I left Tony to do the milking & set off for Birmingham’s National Exhibition Centre, going along the M4 & then up along the Heads of the Valleys road, a well-chosen route as it was a lovely, sunny day & the forests which skirt the lower valleys & further along near the lovely hills of Abergavenny, were resplendent in a tapestry of rich autumnal colour.
The show was quieter than I’d anticipated; however this meant I had plenty of opportunity to look & learn about the art of ice cream. And it certainly is turning into an art form – I was amazed at the diversity of colour, flavours & fruits, wafers, chocolate sculptures & sprinkles with which the Italians in particular, now embellish the humble cornet.
We however, are looking to travel our business in exactly the opposite direction – foolhardy or not. We want to go back to ice cream which is simple & traditional, made with just a few natural ingredients (no artificial additives allowed!) but really bringing out the depth & complexity of the flavours; married to the luscious, light creaminess of the goats’ milk. We feel that it would be completely wrong to overdress & overprocess what is a natural, healthy milk which offers so many benefits for sufferers of a variety of allergies, including lactose intolerance, asthma etc; & we are looking at reducing sugar levels without losing taste by using different types of sweetening foods, & not by pumping in chemical saccharines. Thus – in homage to my dear, departed sister Melissa; & for my father & our friend & neighbour, Lloyd – we intend to produce a diabetic-friendly food. Are we doing the right thing, going for simple freshness & flavour rather than ‘wow’ factor visual appeal?
So, with the various exhibitors, I discussed things such as equipment required, natural flavourings (some of which I am very excited about), packaging, storage & transportation; & discovered a great deal. It certainly set me to thinking very hard, on the four-hour drive back home. As I hadn’t left the exhibition until a while after it closed, having been discussing general start-up options & areas of diversification with John, the very knowledgeable & enthusiastic director of an equipment provider in Hereford who has just set up his own Ice Cream Academy, I didn’t get back on the road until almost 7pm.
After the long, dark drive home I was certainly glad to get back & relax with a cup of tea, just before 11pm, having made good time in spite of taking my leisure on the return route.

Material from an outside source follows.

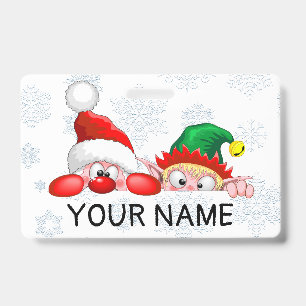 Santa and Elf Cute and funny Characters Peeking   ID Badge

Relieved to have successfully completed & posted the VAT return, Tony was relaxed & chatty despite now having to get his nose stuck back in the books to revise for Yet Another Impending Flying Exam. And so, we discussed at length the issues I came across today. We are now definitely of the convicition that we must grasp this opportunity & for the time being make ice cream our headline product: the crux of the matter, is that this is where we have the greatest market potential at present.

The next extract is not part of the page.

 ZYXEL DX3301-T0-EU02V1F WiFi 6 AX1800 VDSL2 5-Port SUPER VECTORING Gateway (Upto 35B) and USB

However, I will continue with my cheesemaking albeit on a smaller scale for now, to maintain our diversification as well as to ‘keep my hand in’ (plus I just love the alchemy of transforming foaming, creamy milk into solid little logs of crumbly Carn Ingli, buttery Budloy Brie or a velvet-smooth, semi-hard Henllys – recipes to follow….!).
Hours later & with my mind still buzzing, we retired to bed; me happily clutching an excellent book on (you guessed it) making ice cream which had arrived in today’s post, before I fell into fitful slumber, the peaks of the Preselis turning into mounds of snowy confection in my restless dreams.